There is little time for socializing.
“Our bodies are here,” she says, “but our minds remain in Afghanistan.”
She once imagined studying literature and law. Books shaped her childhood. She recalls secretly opening her father’s locked box of books to read novels, sometimes forcing it open despite being warned against doing so.
“At first he opposed it,” she says. “Sometimes we were punished. But later he began bringing books himself.”
Those days now feel distant.
“Neither literature happened, nor law,” she says.
She described her life in Iran as unstable.
“There is no way back and no way forward,” she says.
Every day carries fear. Fear of arrest. Fear of deportation. Fear of what awaits them if they return.
“We sleep with fear. We wake up with fear.”

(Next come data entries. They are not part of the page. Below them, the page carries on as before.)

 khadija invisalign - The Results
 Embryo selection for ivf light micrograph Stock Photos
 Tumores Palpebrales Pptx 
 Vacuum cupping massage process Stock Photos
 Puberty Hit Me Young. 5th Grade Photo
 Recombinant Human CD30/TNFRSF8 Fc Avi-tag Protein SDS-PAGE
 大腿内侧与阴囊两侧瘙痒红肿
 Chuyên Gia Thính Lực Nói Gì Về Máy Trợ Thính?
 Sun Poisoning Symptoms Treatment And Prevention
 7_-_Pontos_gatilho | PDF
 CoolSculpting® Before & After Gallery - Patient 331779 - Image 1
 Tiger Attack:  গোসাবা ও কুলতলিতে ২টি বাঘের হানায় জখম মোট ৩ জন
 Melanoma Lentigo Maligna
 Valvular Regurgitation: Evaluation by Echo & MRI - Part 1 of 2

Migrant female workers face severe challenges. They do not receive the benefits that local workers receive. No insurance, housing, or paid leave. They work long hours for low pay. In many cases, women carry the burden of supporting the family, especially when male relatives cannot work due to a lack of legal status.
When asked about the future, she paused.
“I just hope these days pass,” she says.
She believes that light will eventually overcome darkness.
“But our lost time will not return.”
Her father held a respected position in the community. He helped resolve conflicts, supported development projects, and spoke out against injustice. People trusted him.
He now lives in exile, facing illness, poverty, and uncertainty.
“No one hears him,” she says.
She believes that he did not deserve this.
If they are forced to return to Afghanistan, she sees no alternative to their survival.
“It means arrest, torture, or death for my father,” she said.
This means going towards death.
If the previous system had not collapsed, she believes that her life would have followed a different path. She would have completed university, found work, and moved towards her dreams.
That future no longer exists today.
She views her story as part of a broader narrative. Afghan women, she says, have endured little recognition. Doors have closed. Voices have been silenced in this way.
However, they have continued.
“We were struck,” she says, “but we did not fall.”
Finally, she adds something that was not asked.
She speaks about silence again, but this time differently.
She says she sometimes wishes people would ask about those who remained silent and what that silence means.
She does not reject all patients. Some men stood with women, she says, but their voices were not heard.
She paused before finishing.
There are stories, she says, that have never been written. Lives that will never be fully told.
She ends with a simple thought:
She does not like stories with sad endings.
She still hopes that this will end differently.